Ovviamente, lettore, devo anche consigliarti “Il cavaliere d’inverno” di Paullina Simons. La storia è ambientata a Leningrado nel 1941. Le sorelle, Tatiana e Dasha, vivono nella Russia di Stalin fino a quando Hitler mette la città sotto assedio. In questo scenario Tatiana incontra Alexander, un ufficiale dell’Armata Rossa. I due irrimediabilmente si innamorano ma ben presto capiscono che il loro è un amore impossibile, soprattutto a causa di Alexander, custode di un segreto che potrebbe distruggerlo.

E quando semplicemente si è felici?

Beh, si potrebbe leggere: “La vita felice” di Seneca. In un dialogo apologetico, Seneca si difende dalle accuse di incoerenza. Il libro racconta un confronto con un immaginario interlocutore a cui il filosofo non nega le sue colpe ma si definisce semplicemente un uomo che aspira alla saggezza.

Un altro filosofo che analizza con un libro il concetto di felicità è Arthur Schopenhauer con “L’arte di essere felici”. Qui, il filosofo, scrive una serie di pensieri formulati durante la sua vita che lo hanno aiutato a vivere il più felicemente possibile.

Anche il filoso Epicuro nella sua “Lettera alla felicità” scrive che non si è mai troppo giovani e nemmeno troppo vecchi per la conoscenza della felicità.

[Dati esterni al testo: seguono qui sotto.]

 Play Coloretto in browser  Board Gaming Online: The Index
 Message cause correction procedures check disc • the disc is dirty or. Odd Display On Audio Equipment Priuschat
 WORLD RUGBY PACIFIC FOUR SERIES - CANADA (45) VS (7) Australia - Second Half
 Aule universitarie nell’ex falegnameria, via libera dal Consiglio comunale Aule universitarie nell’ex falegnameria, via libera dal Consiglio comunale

Epicuro sottolinea come a qualsiasi età è bello occuparsi del benessere della propria anima.

E in un momento come quello che stiamo vivendo, quando lo sconforto e l’angoscia fanno capolino, cosa si potrebbe leggere?

Provo a consigliarti il romanzo “Il centenario che saltò dalla finestra e scomparve” di Jonas Jonasson. Il libro narra le vicende di Allan Karlsson, un uomo che compie la bellezza di cento anni e per l’occasione la casa di riposo dove vive intende festeggiare. Ma l’arzillo vecchietto ha altri piani e decide di scappare, con le pantofole ai piedi, verso la stazione degli autobus. Da qui in poi la vita dell’uomo cambierà radicalmente.

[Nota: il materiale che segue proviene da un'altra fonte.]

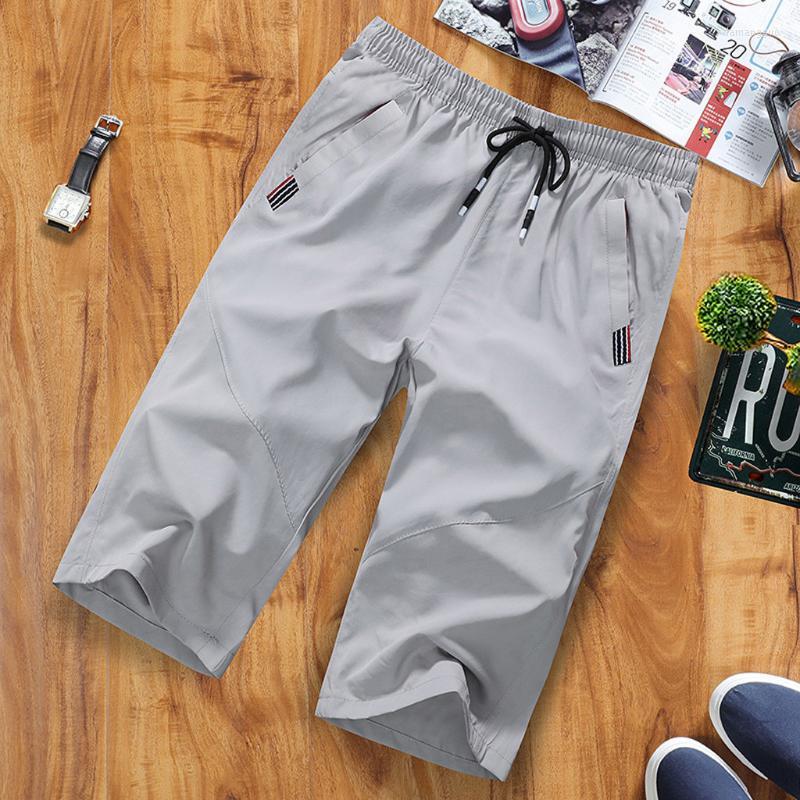 Men's Shorts Fashion Short Masculino Men's Outdoor Fast-drying Recreational Sport Beach Trousers Kurze Hosen Herren Men, Black
Men's Shorts Fashion Short Masculino Men's Outdoor Fast-drying Recreational Sport Beach Trousers Kurze Hosen Herren Men, Black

Se invece vuoi leggere la storia di una donna forte e combattiva puoi immergerti nel romanzo “Jane Eyre” di Charlotte Brontë. La scrittrice racconta la vita di Jane Eyre, una donna capace di alzarsi dopo ogni difficoltà. Fino a quando non giunge, per lavorare come istitutrice, presso la magione di Thornfield del signor Rochester.

L’ultimo libro che voglio consigliarti è “Il lato positivo” di Matthew Quick. Il protagonista Pat, affetto da sindrome bipolare, ha passato otto mesi in un istituto per malattie mentali. Quando viene dimesso l’uomo torna a vivere dai suoi genitori ed è seriamente deciso a riconquistare sua moglie, chiedendo aiuto a Tiffany. Un romanzo dove nulla è davvero come appare.

Bene lettore direi che per oggi mi fermo qui. Alla prossima e buone letture!